Sacred Heart Cathedral is a distinctive building that draws upon rural Kansas imagery and uses it in the service of Christian mythology. It is a noteworthy example of the work of Edward J. Schulte, a prolific designer of Catholic facilities across the Midwest through the greater part of the twentieth century.
The Cathedral faces south toward Iron Street, two blocks west of Salina’s principal commercial street. Its most striking features are what appear to be a row of cylinders thirty feet in circumference extending the full height of the eastern and western facades, which resemble the grain elevators that dominate the skyline of most towns in western Kansas. Early modern architects admired these striking structures, most notably the French architect Le Corbusier, who appreciated their utility, clarity of form, and concrete construction. The allusion to grain elevators helps to link the church to its place in Kansas. It can also be seen as a symbol—the Cathedral is a place where the faithful come to receive the sustenance of the Eucharist.
The fact that the Cathedral is built of limestone, rather than concrete, allows for a less literal reading of the dramatic form. The building features a tall bell tower consisting of a single tall cylinder capped by six smaller cylinders that support a circular cap. The building carries a more direct and unambiguous message on its southern or front facade, where bas-relief sculptures depict farm families helping the bishop carry a cross, and where a stylized image of Christ on the cross rises between the main entry doors.
The sanctuary consists of a large nave that takes up the bulk of the interior and a smaller side chapel on the west side. Like the exterior facade, the interior is faced with limestone and features bas-relief carvings, including the Stations of the Cross on the eastern wall, an image of Christ on the south wall, and images of the church’s patrons on the frame around the apse behind the altar. The apse is clad in glazed gold tiles that sparkle under the nave’s cruciform light fixtures. Light also enters the space through twenty-five-foot-tall stained glass windows between the exterior cylinders, which are flattened on the interior. The windows were designed by Anton Wendling of Aachen, Germany, and were assembled by Erhardt Stettner in Milwaukee. The floor is of black stone, and the furnishings are of blonde wood. Overall, the space manages to feel both austere and majestic. A simply detailed complex of offices is appended to the northwest corner of the sanctuary.

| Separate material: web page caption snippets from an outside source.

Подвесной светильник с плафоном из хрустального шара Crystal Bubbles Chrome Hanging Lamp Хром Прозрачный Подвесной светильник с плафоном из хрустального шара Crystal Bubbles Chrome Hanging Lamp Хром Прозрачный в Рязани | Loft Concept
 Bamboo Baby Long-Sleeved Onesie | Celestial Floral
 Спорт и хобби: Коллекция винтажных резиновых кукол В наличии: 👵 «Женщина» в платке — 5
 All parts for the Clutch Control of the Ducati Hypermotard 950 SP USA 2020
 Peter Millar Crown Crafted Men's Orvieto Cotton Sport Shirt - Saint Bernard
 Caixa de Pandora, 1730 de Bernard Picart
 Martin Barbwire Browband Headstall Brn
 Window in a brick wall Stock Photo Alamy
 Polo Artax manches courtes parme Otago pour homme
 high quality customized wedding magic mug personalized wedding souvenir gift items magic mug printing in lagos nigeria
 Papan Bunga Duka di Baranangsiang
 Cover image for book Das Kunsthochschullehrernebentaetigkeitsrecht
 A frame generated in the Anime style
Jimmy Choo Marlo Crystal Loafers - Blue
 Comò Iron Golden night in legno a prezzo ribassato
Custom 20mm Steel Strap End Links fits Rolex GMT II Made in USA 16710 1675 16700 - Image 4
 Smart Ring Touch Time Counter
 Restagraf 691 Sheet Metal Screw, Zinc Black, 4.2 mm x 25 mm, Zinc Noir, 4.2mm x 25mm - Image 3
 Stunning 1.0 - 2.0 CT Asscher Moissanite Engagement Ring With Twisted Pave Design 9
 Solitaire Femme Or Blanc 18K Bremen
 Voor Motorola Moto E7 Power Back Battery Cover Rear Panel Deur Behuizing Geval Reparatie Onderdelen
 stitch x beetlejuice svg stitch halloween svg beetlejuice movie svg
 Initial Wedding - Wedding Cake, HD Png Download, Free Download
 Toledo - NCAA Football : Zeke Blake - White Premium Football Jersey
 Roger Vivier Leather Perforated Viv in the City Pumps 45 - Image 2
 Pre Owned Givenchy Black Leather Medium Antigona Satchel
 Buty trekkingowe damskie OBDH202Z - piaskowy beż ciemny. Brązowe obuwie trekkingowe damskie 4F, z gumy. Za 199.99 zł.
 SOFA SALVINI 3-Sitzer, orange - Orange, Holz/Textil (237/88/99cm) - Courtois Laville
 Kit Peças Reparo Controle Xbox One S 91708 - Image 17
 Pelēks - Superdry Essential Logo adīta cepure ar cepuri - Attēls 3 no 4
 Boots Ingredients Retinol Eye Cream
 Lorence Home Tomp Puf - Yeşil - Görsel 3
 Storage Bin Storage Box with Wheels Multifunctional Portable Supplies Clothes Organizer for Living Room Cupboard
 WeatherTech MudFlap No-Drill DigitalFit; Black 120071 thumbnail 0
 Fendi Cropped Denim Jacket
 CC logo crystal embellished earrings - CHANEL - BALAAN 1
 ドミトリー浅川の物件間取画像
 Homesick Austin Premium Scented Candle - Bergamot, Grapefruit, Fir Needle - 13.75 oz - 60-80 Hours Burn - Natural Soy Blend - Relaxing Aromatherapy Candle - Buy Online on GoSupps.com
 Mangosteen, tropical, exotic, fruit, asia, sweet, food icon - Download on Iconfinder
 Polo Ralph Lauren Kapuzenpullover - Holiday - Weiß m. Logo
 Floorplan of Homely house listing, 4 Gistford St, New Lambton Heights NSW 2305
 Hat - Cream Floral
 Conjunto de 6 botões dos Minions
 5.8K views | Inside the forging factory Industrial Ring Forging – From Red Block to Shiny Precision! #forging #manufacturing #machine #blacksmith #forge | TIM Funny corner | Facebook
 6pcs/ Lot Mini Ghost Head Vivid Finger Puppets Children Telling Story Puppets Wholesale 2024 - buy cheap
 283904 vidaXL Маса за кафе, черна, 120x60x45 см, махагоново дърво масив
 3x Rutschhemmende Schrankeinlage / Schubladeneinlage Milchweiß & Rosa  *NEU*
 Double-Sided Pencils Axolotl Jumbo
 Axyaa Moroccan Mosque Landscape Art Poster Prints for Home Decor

Planning for the construction began in 1944 when the See of the Salina Diocese was moved from Concordia to Salina. Sacred Heart Cathedral replaced a church of the same name. The cornerstone was laid in 1951 and the first service was held in the new building in 1953. The building remained in its original state until it was renovated in 1988. A larger vestibule and parish hall were added to south side of the Cathedral in 2000.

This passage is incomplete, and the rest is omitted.